The previous post (Writer See, Writer Do) highlights the power of mirror neurons. This is why being part of an effective writer’s community — and having your mirror neurons fire in synch with other writers’ positive approach and experiences — offers so many benefits.
But our mirror neurons don’t discriminate which people are worth emulating. This means that being part of a dysfunctional writer’s community can be worse than being alone.
Spending time in presence of other writers who are haphazard about honoring their writing commitments or have pessimistic attitudes can degrade your habits and attitude. Writer’s resistance can be “contagious”.
So it’s essential to take stock of the writing groups and communities you’re part of.
Where and how do you connect with other writers?
- Are you part of a writing group or a larger writer’s community?
- Do you connect with other writers at readings or in classes?
- Do you collaborate on writing projects?
- Do you tap into what other writers are thinking and doing from magazines, blogs, Twitter or other social media?
- What percentage of your connections with other writers are in-person?
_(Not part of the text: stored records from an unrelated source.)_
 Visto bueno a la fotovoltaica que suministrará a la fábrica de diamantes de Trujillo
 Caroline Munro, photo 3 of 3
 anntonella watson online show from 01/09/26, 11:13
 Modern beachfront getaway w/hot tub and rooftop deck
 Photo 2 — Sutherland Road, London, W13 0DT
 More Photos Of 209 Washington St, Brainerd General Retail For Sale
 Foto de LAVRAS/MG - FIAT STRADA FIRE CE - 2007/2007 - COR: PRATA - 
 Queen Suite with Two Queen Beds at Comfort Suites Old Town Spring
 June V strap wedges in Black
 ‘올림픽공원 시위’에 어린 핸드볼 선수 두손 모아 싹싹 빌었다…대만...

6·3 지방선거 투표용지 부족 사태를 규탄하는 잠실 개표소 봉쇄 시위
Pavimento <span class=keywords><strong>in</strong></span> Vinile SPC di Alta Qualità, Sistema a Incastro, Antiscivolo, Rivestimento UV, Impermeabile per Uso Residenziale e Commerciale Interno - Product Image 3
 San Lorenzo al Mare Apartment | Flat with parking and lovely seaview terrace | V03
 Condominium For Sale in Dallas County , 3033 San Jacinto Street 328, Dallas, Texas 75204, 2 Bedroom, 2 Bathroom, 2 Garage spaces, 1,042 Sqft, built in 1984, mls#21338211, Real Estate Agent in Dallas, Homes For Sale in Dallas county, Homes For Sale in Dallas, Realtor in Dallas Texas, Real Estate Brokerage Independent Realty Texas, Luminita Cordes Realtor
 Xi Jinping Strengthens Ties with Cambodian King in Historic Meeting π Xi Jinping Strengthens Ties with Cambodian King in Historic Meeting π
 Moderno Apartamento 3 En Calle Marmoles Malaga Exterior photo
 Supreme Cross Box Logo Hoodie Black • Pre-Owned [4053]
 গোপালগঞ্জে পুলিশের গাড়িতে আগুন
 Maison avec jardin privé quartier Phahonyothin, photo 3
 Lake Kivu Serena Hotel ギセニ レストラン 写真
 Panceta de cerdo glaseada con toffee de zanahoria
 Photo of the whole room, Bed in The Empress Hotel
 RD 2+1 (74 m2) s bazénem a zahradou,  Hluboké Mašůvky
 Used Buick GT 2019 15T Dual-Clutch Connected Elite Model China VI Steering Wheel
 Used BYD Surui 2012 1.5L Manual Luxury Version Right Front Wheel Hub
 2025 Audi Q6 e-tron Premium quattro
What percentage are electronic or remote?
Does the group have clear purpose and goals?
- Do the group’s purpose and goals align with your writing purpose and goals?
- Is everyone in the group respected and encouraged to share their experience?
- Can you find a mentor and/or be a mentor in the group?
How do you feel after connecting with your writing colleagues?
- Are you enthusiastic, engaged and excited about your writing?
- Are you motivated and eager to get back to your writing?
- Or are you left with a vague sense of dissatisfaction and discouragement?
What do you think after connecting with your writing colleagues?
- Do you have new ideas, perspectives and strategies?
- Do you have a plan for your next steps?
- Are you optimistic about your ability to respond to the changes and challenges you face?
Most importantly, what do you do after connecting with other writers?
- What actions do you take?
- What challenges are you more likely to embrace?
- Are you more or less likely to take risks with your writing?
- Is the time you spend with other writers worth the time you’re not focused and acting on your own writing projects?